Aus jeder Pore strömte die Freude über seinen Job beim FC Bayern München, die Vorfreude auf das Bundesliga-Duell mit Borussia Dortmund an diesem Samstag in der Allianz-Arena (18.30 Uhr, Sky). Tuchel trug eine Kappe des Ausrüsters und ein Trainingsoutfit des Arbeitgebers. Bevor es losging, scannten seine Augen alles ab. In den 38 Minuten zeigte er sich aufgeschlossen und freundlich und lächelte viel. Sprüche klopfen ist nicht sein Ding.
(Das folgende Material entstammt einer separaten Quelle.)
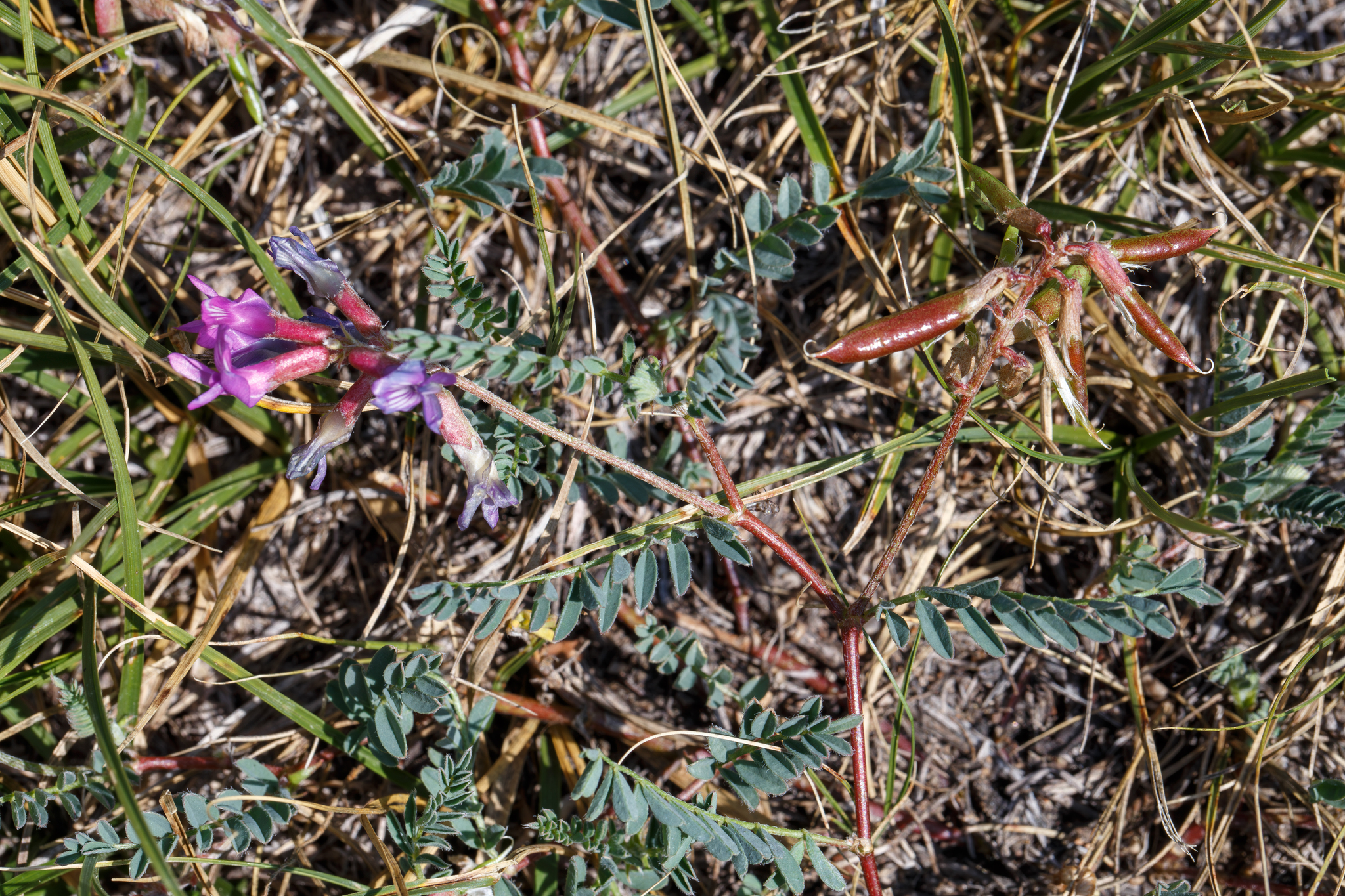 Astragalus hallii var. hallii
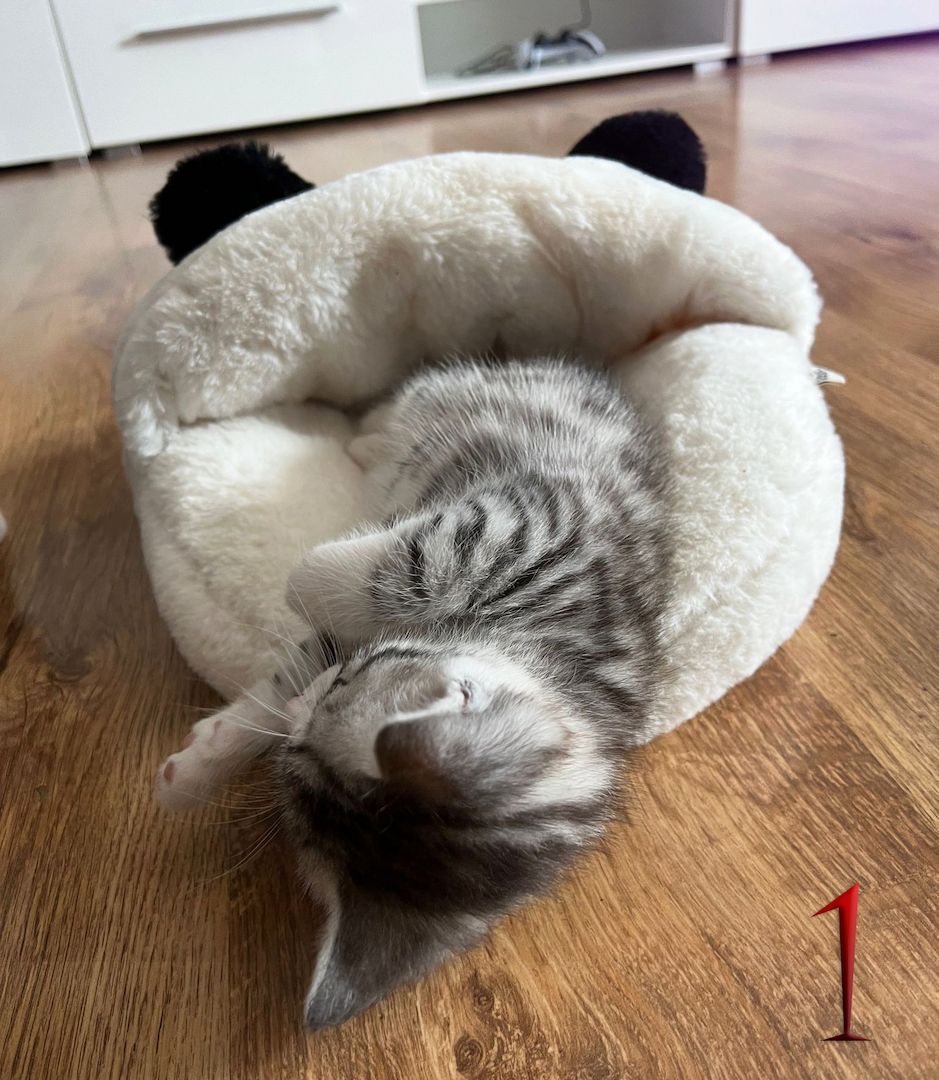 BKH-Mix Kätzchen suchen ihre neue Familie!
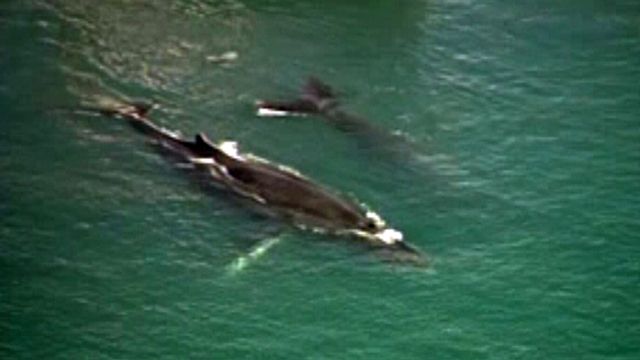 Humpback Whales Stranded in Honolulu Harbor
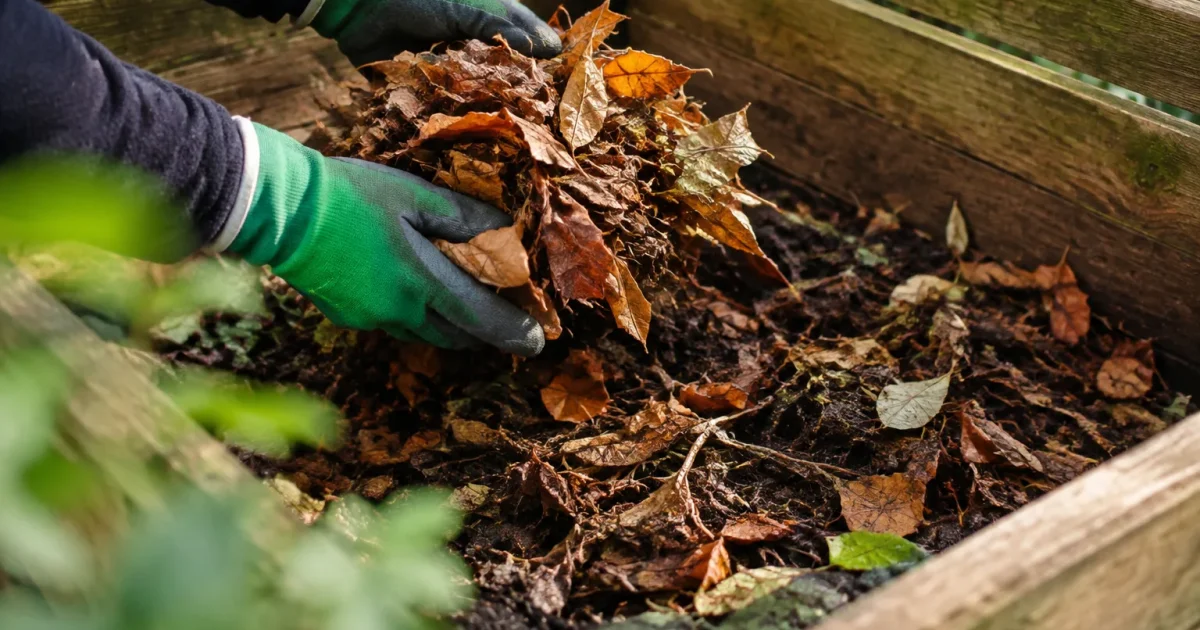 Mains gantees melangeant feuilles mortes dans composteur en bois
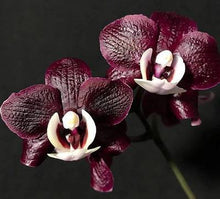 Načíst obrázek do prohlížeče Galerie, Phal. Kaoda Twinkle chocolate Aroma
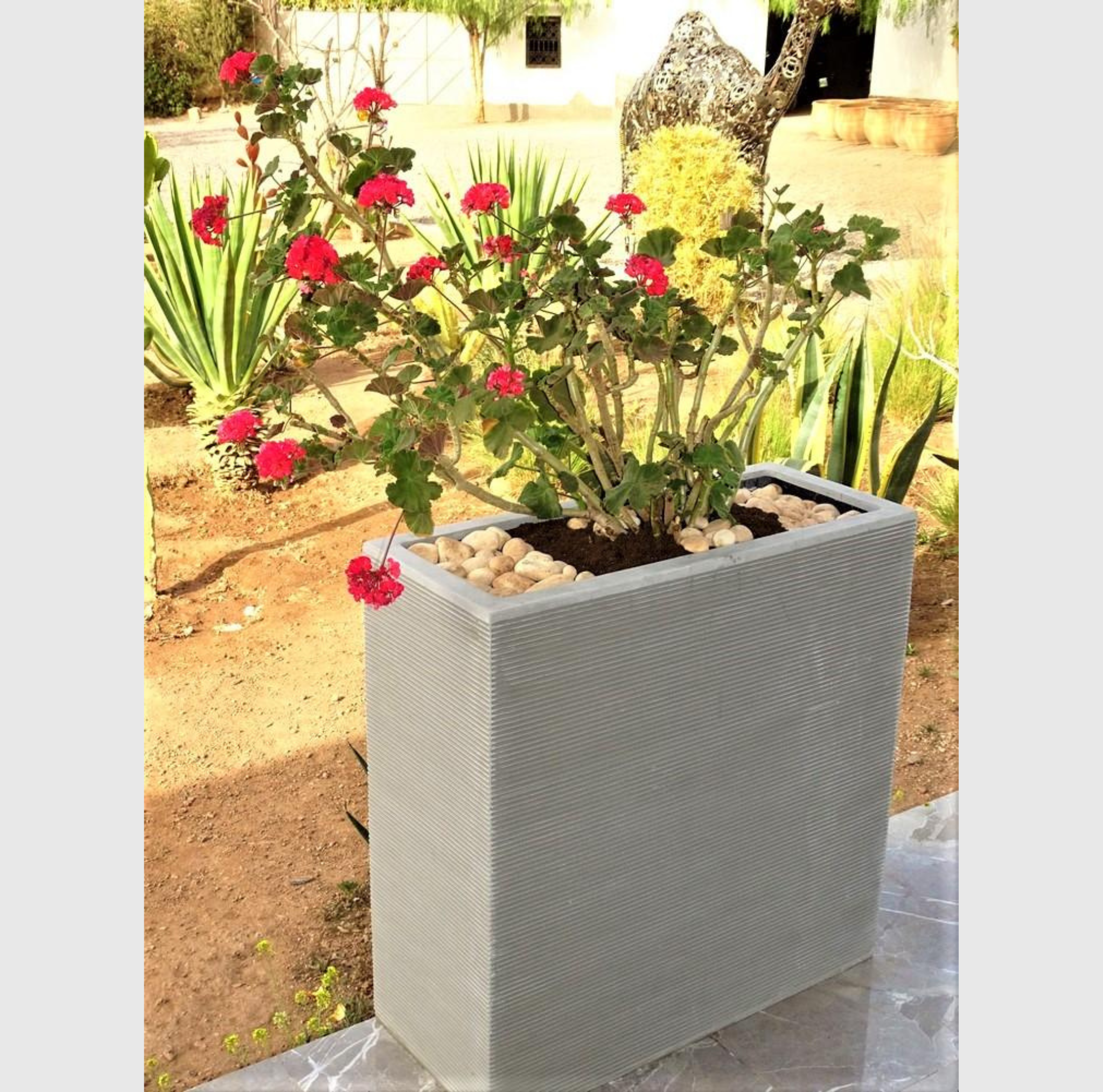 pot rectangulaire polystone gris avec arbustes graminées usage extérieur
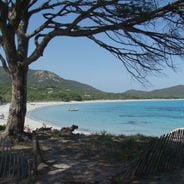Palombaggia
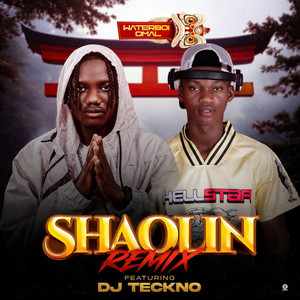 SHAOLIN REMMIX by Waterboi Omal, DJ TECKNO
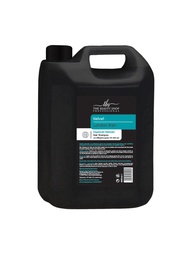 SHAMPOO VELVET BURBERRY 4LT(b2b)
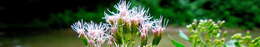 Image of hemp agrimony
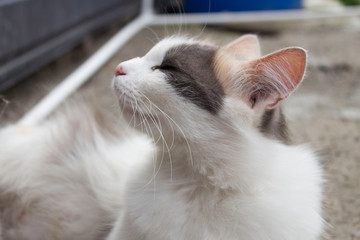 Multicolored cute cat in the home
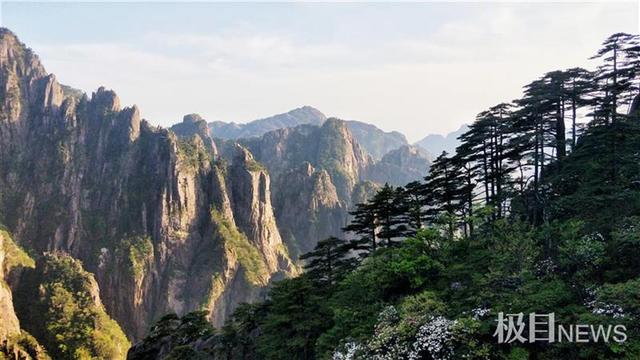 假期黄山旅游复苏强劲，人人都来打卡迎客松，千年古树从国宝变国潮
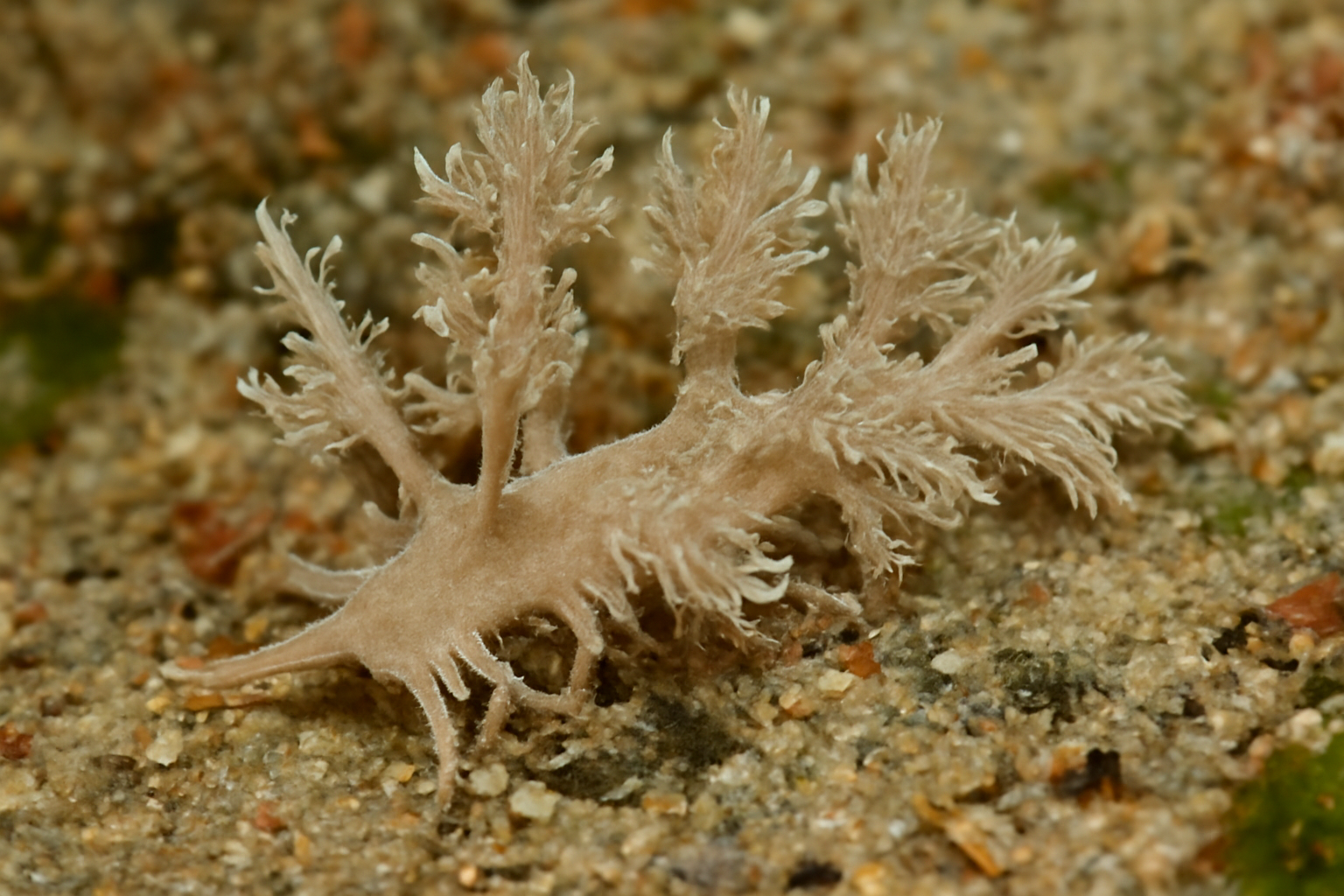Hancockia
Das oft laute Lachen seines Vorgängers Julian Nagelsmann über eigene Witzchen hallt noch nach in den Ohren der ständigen Begleiter.
Dank Thomas Tuchel: Aufbruchsstimmung beim FC Bayern München
Dass der früher so bärbeißige, weil schwierige Charakter Tuchel in München jedem Ordner die Hand schüttelt, ist für ihn eine Selbstverständlichkeit. "Mir ist ein respektvoller Umgang wichtig, das ist die Grundbedingung", sagte er und erklärte: "Pünktlich, höflich, freundlich – das muss ich sein, dann kann ich es auch von anderen erwarten. Auch der Ordner möchte gewinnen und tut alles dafür." Womit er einige seiner Werte und Prinzipien umriss.
Die Stimmung hat sich gedreht an der Säbener Straße nach der Entlassung von Nagelsmann. Aus Anspannung wurde Aufbruchstimmung. "In den ersten paar Tagen ging es darum, ein Gefühl füreinander zu bekommen. Die gute Nachricht ist, dass jeder Bock hat und sich zeigen will", sagte der 49-Jährige, der auch Mittelfeldspieler Jamal Musiala (machte das komplette Abschlusstraining mit) nach seinem Muskelfaserriss einsetzen könnte.
Vieles neu und anders macht (der) Tuchel, im Einzelnen. Was genau? Das zeigt der SPORTBUZZER, das Sportportal des RedaktionsNetzwerks Deutschland, in der Übersicht:
Die Teamsitzungen: Unter Nagelsmann drehte es sich, so beklagten Spieler, zu sehr um taktische Details. Tuchel ging nach der selbst geäußerten Devise "Weniger ist mehr" vor und sagte: "Wir wollen die Spieler nach der turbulenten Woche nicht überfrachten."
Tuchel: "Habe der Mannschaft gesagt, dass ich mich wirklich auf jeden Einzelnen freue"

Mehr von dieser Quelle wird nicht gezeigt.